VMs and containers galore

Parallels, one of many peddlers of desktop and server virtualization products, says that it is still hard at work on a bare-metal hypervisor for the carving up of servers.

While host-based desktop and server virtualization is acceptable for many workloads, in some cases - particularly mission-critical applications where security and reliability are paramount - companies may want a type 1, or bare-metal hypervisor, meaning one that runs directly on physical hardware and provides isolation among the operating systems running inside virtual machines.

Type 2, or hosted hypervisors are loaded atop a running operating system (usually Windows or Linux, but sometimes Mac OS as with Parallels Desktop); guest operating systems run atop the hypervisor. It's like wheels within wheels - except when the big tire goes flat, they all go flat.

Parallels has been in the server racket for many years, by virtue of its Parallels Containers virtual private server software, formerly known as Virtuozzo and formerly sold by a company called SWsoft - which we learned two years ago was owned by the same people who own Parallels.

With virtual private servers - sometimes called containers - you have a shared operating system kernel and a shared file system that supports multiple sandboxes that look and feel in regard to applications and security settings like distinct servers, even though they have been virtualized.

According to Parallels CEO Serguei Beloussov, the company is working on a type 1 hypervisor known internally as Parallels Server Bare Metal, but which will probably come to market under a different name.

The company is also working on updates to its existing Parallels Server, which now runs atop Mac OS X in its 3.01 release, and that allows a VM to span up to four cores and 64GB of memory. An eight-core version is in experimental testing.

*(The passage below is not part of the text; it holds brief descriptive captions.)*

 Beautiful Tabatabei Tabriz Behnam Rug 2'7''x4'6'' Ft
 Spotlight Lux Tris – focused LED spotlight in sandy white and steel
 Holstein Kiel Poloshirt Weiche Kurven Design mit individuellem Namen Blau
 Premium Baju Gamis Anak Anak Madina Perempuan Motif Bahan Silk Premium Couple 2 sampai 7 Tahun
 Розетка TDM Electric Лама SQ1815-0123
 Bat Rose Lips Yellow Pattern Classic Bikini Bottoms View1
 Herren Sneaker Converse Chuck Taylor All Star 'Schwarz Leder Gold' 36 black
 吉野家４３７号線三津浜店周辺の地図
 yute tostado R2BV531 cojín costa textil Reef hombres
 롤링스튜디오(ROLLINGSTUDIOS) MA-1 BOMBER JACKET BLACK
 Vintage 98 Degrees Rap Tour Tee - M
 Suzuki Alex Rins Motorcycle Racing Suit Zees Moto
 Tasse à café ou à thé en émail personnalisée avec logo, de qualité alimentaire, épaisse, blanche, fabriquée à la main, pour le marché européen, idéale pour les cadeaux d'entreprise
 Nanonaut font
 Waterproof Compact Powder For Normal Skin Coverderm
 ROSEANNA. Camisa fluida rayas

Parallels Server allows Linux and Windows guest operating systems on top of Intel-based Apple Macs and Xserves, but the future bare-metal hypervisor will run on any x64-based server and will run Windows and Linux side-by-side in VMs, and on Apple iron run Mac OS X as well. Also, hints Beloussov, there could also be support for the x64 version of Solaris Unix. FreeBSD will also be supported, according to this roadmap (PPT) from a Parallels summit.

The future bare-metal hypervisor will support eight processor cores, 64GB of memory, 2TB disk drives with multiple drives per partition, and up to 16 virtual network interfaces per VM. Both 32-bit and 64-bit operating systems will be supported within the VMs, and as was the case with the Mac version of Parallels Server, the bare-metal hypervisor will function without the Intel VT or AMD-V virtualization-assistance electronics inside most current x64 chips - but it will perform better with it, according to Beloussov.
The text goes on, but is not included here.